DATASET SECTION =
▬▬▬▬▬▬▬▬▬▬

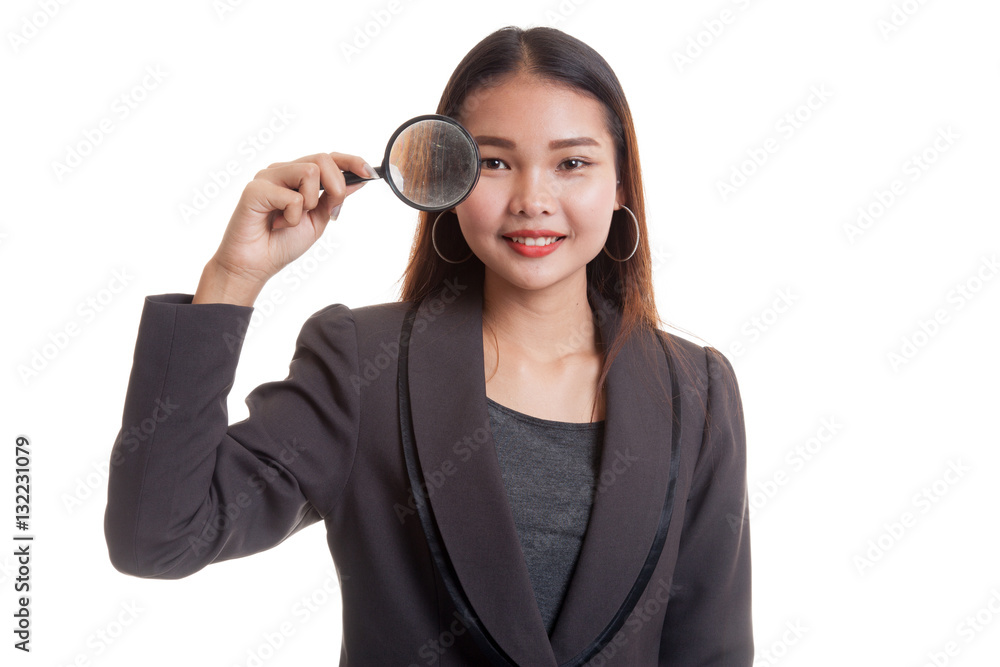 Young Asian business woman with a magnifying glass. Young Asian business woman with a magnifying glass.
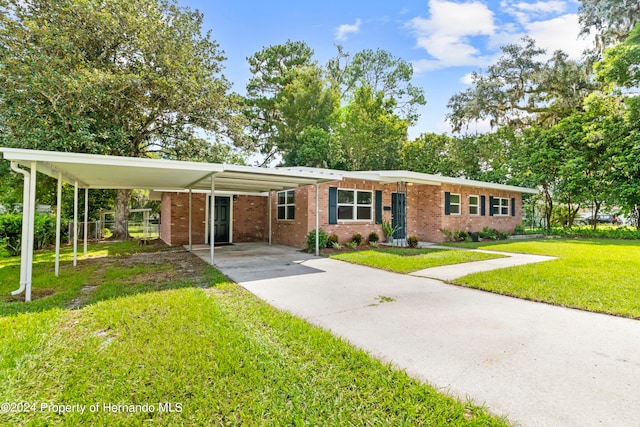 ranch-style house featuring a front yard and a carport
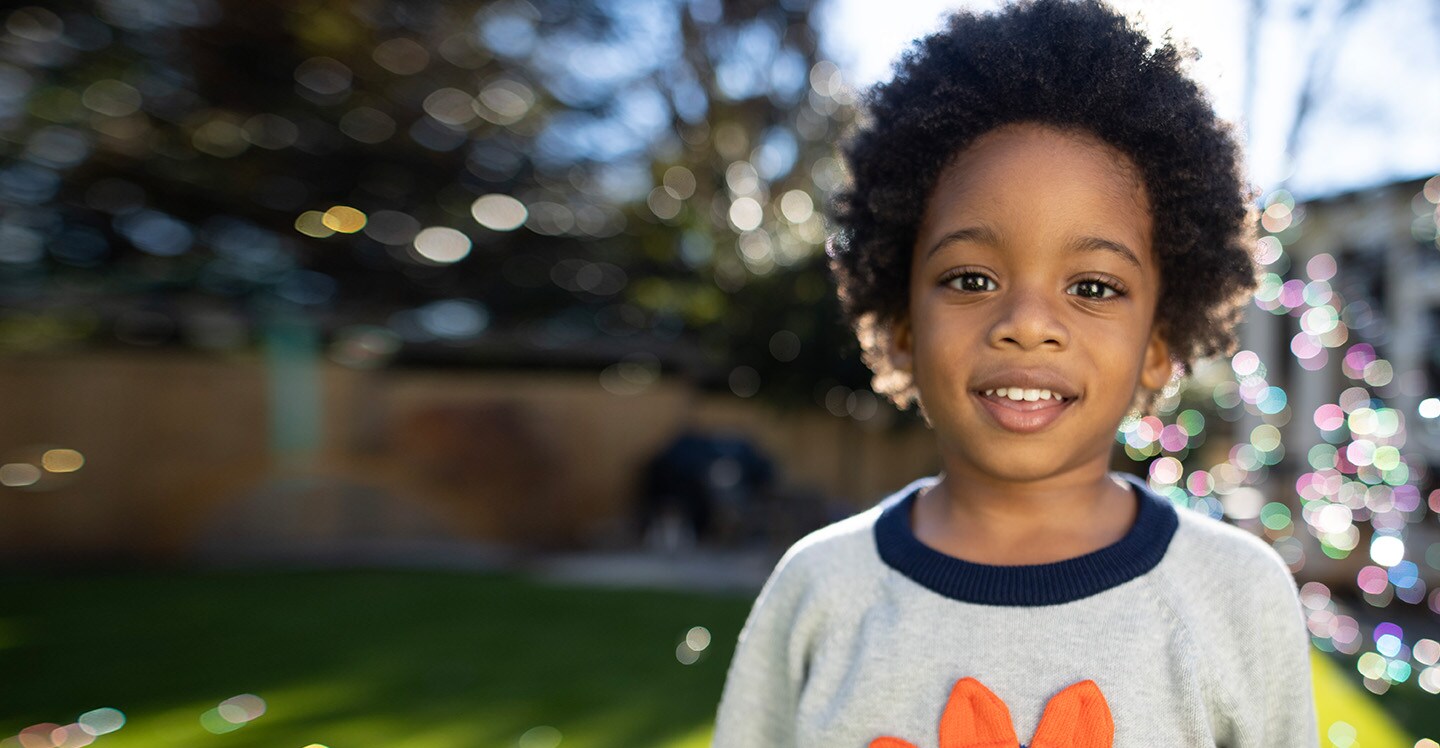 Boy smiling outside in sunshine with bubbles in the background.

▬▬▬▬▬▬▬▬▬▬

TASK DIRECTIONS = All of the material above should be set down again exactly, though not its pictures.

EXERCISE SOLUTION =
 Young Asian business woman with a magnifying glass. Young Asian business woman with a magnifying glass.
 ranch-style house featuring a front yard and a carport
 Boy smiling outside in sunshine with bubbles in the background.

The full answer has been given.